Под влиянием критики со стороны М. С. Щепкина и других своих друзей этот финал Р. Р. Гоголь во второй редакции переделал. Там Первый комический актер специально комментировал заключительную немую сцену «Ревизора»: «Мне показалось, что это мой же душевный город, что последняя сцена представляет последнюю сцену жизни, когда совесть заставит взглянуть вдруг на самого себя во все глаза и испугаться самого себя. Мне показалось, что этот настоящий ревизор, о котором одно возвещенье в конце комедии наводит такой ужас, есть та настоящая наша совесть, которая встречает нас у дверей гроба».
Причины, по которым Р. Р. не получила разрешения театральной цензуры, в ноябре 1846 г. изложил А. М. Гедеонов в письме П. А. Плетневу: «Что же касается собственно до пиесы, то по принятым правилам при Императорских театрах, исключающих всякого рода одобрения артистов — самими артистами, а тем более венчания на сцене, она в этом отношении не может быть допущена к представлению». 21 ноября 1846 г. Плетнев известил Гоголя: «Твою пьесу „Развязка ревизора“ пропустили, но только к печатанию, а не к представлению, затем что увенчивать на сцене артисты товарища своего, по правилам нашей дирекции, не имеют права…»

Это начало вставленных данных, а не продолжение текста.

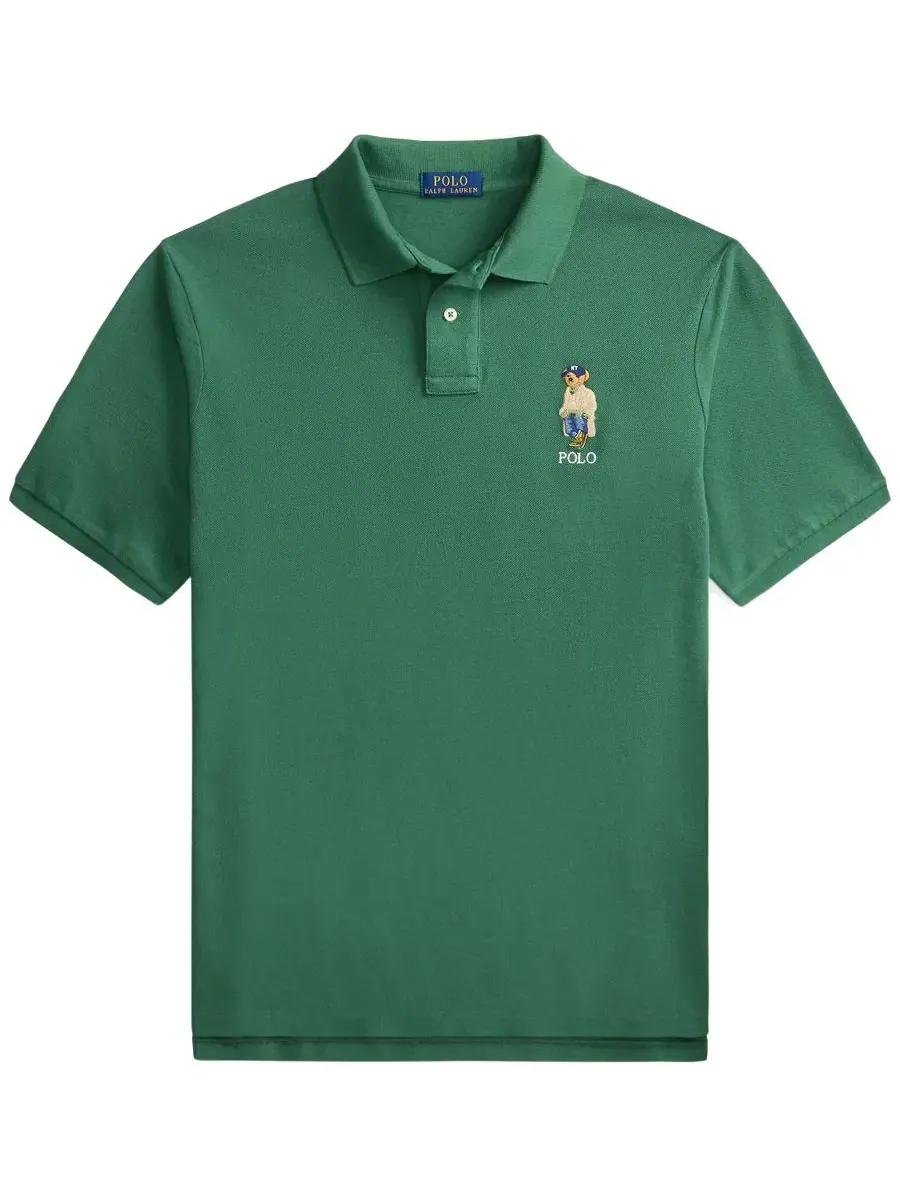 Поло с вышивкой Polo Bear, классический крой Polo Ralph Lauren — изображение 5 из 5, зеленый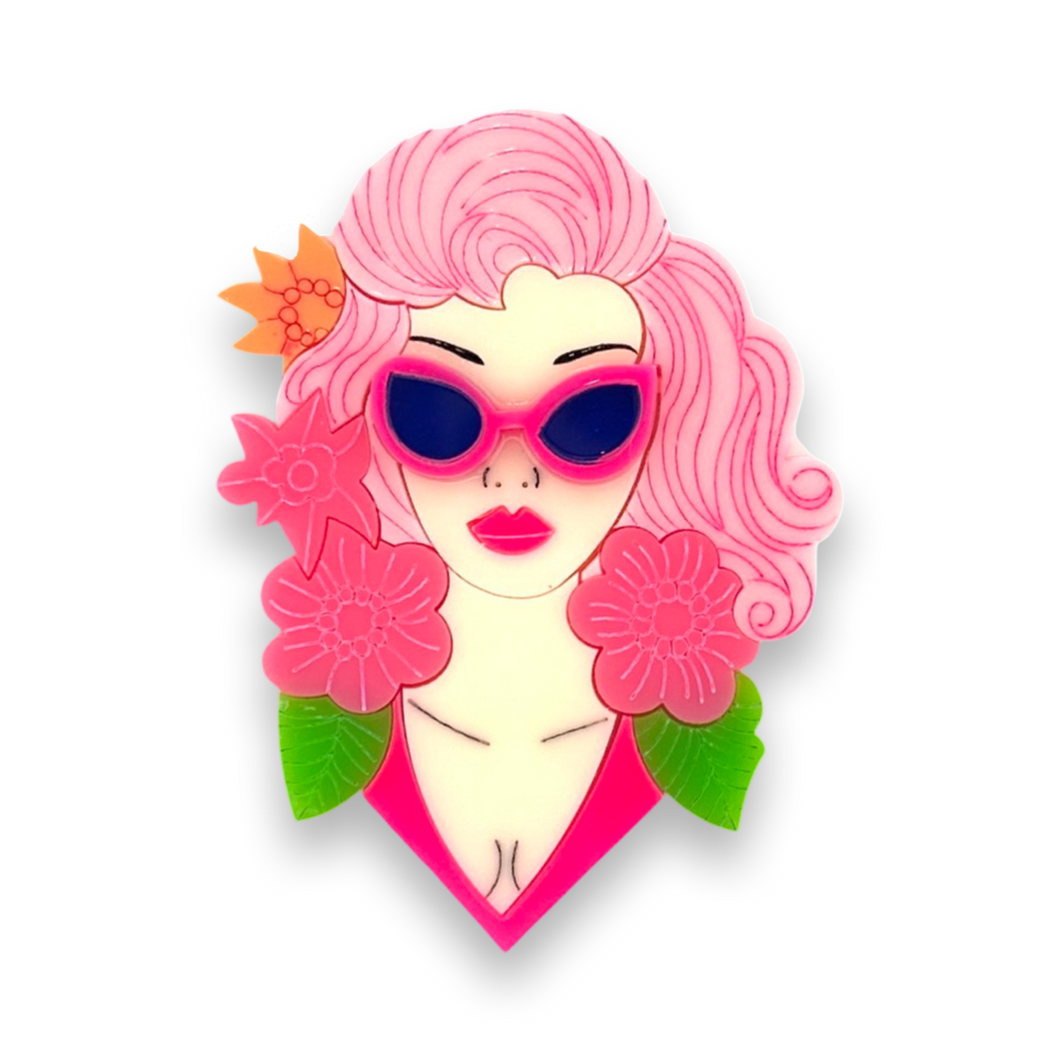 Pink Malibu Princess B 🌸 - brooch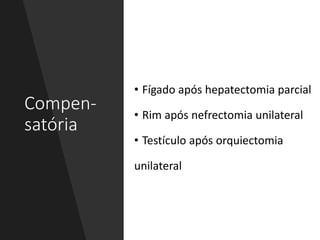 Compen-
satória
• Fígado após hepatectomia parcial
• Rim após nefrectomia unilateral
• Testículo após orquiectomia
unilateral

Незадолго до смерти, 5 ноября 1851 г., Гоголь читал в доме А. П. Толстого Р. московским актерам, игра которых в пьесе его не удовлетворяла. Присутствовавший на чтении И. С. Тургенев вспоминал: «Гоголь… объявил, что остался недоволен игрою актеров в „Ревизоре“, что они „тон потеряли“ и что он готов им прочесть всю пьесу с начала до конца… Читал Гоголь превосходно… Казалось, Гоголь только и заботится о том, как бы вникнуть в предмет, для него самого новый, и как бы вернее передать собственное впечатление. Эффект выходил необычайный — особенно в комических, юмористических местах; не было возможности не смеяться — хорошим, здоровым смехом; а виновник всей этой потехи продолжал, не смущаясь общей веселостью и как бы внутренно давясь ей, всё более и более погружаться в самое дело, и лишь изредка, на губах и около глаз, чуть заметно трепетала лукавая усмешка мастера. С каким недоумением, с каким изумлением Гоголь произнес знаменитую фразу городничего о двух крысах (в самом начале пьесы): „Пришли, понюхали и пошли прочь“. Он даже медленно оглянул нас, как бы спрашивая объяснения такого удивительного происшествия. Я только тут понял, как вообще неверно, поверхностно, с каким желанием только поскорей насмешить обыкновенно разыгрывается на сцене „Ревизор“». Гоголь пытался дать понять присутствующим, что задача Р.
– гораздо глубже, чем насмешить, что пьеса прежде всего направлена на то, чтобы побудить публику к самокритике. Оттого-то и читал он серьезно самые смешные места, но оттого только усиливал комический эффект. Мало находится актеров, способных обнажить внутренний трагизм в гоголевском смехе.